**Exercise aim:** What you return should be the lines from the one with "iPhone怎么远程电脑(IPHONE远程查看并控制PC方法)" through the one with "Farm Stay Visible" in the data below, reproduced exactly with both ends, and no pictures at all.

**Dataset extract:**
------------
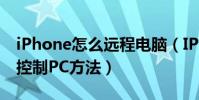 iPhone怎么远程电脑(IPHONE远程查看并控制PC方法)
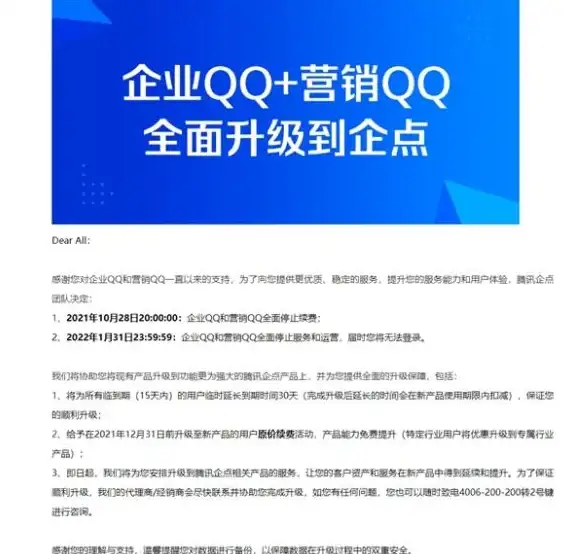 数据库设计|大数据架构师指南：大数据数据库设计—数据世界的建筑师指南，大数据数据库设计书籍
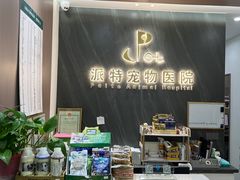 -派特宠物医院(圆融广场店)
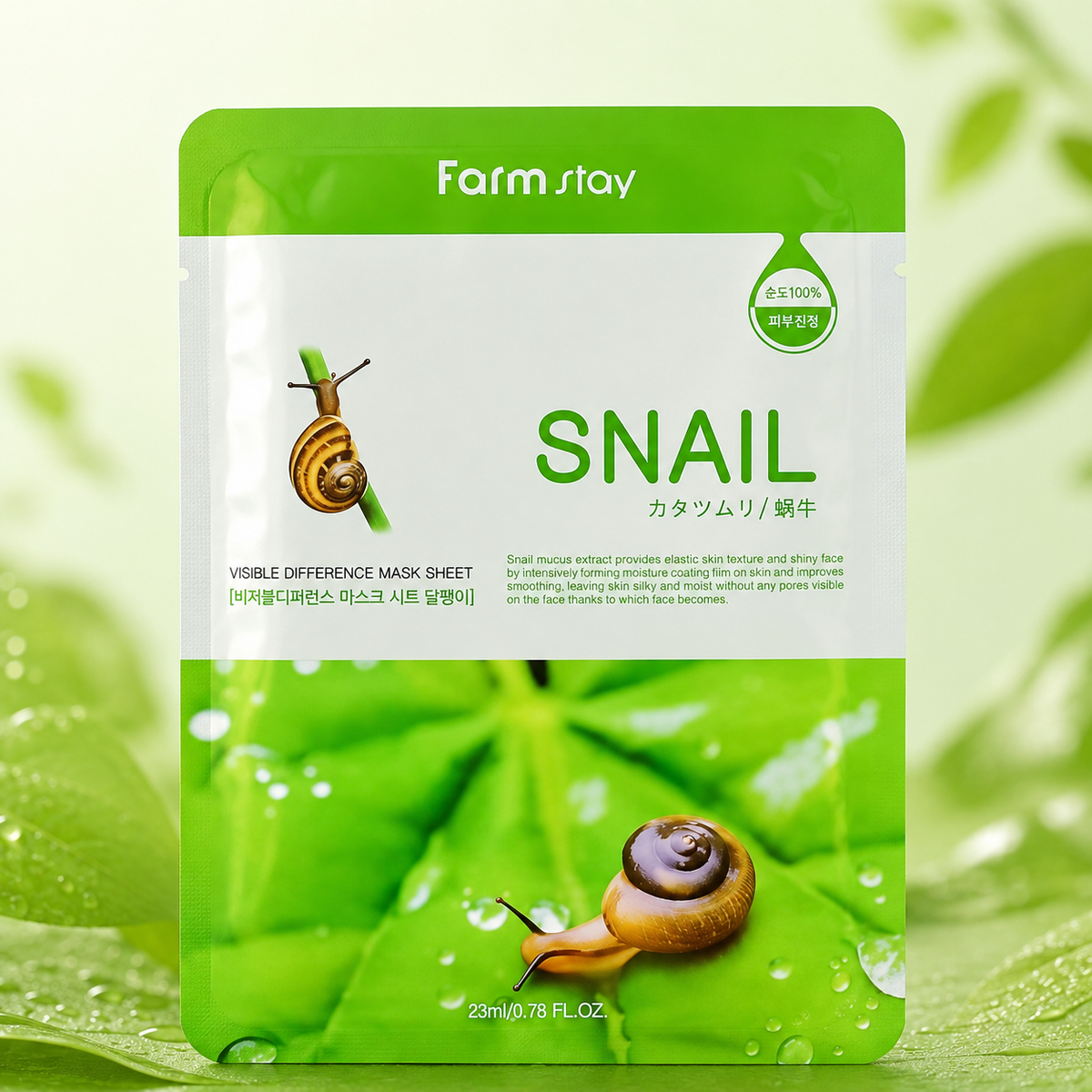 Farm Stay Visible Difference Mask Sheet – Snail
------------
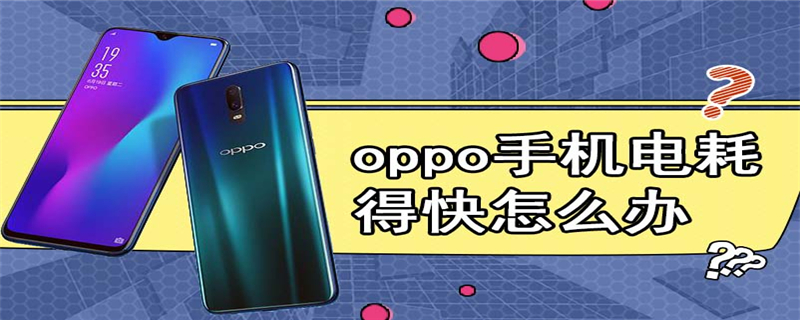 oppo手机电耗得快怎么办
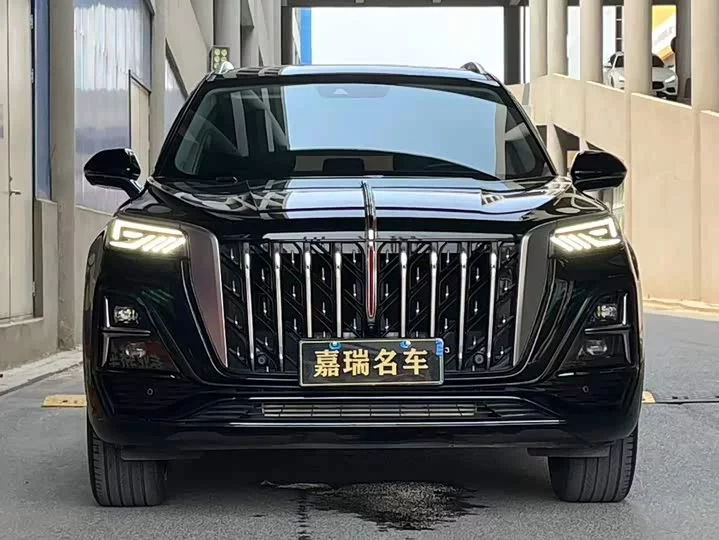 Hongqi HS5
------------
**Task response:**
 iPhone怎么远程电脑(IPHONE远程查看并控制PC方法)
 数据库设计|大数据架构师指南：大数据数据库设计—数据世界的建筑师指南，大数据数据库设计书籍
 -派特宠物医院(圆融广场店)
 Farm Stay Visible Difference Mask Sheet – Snail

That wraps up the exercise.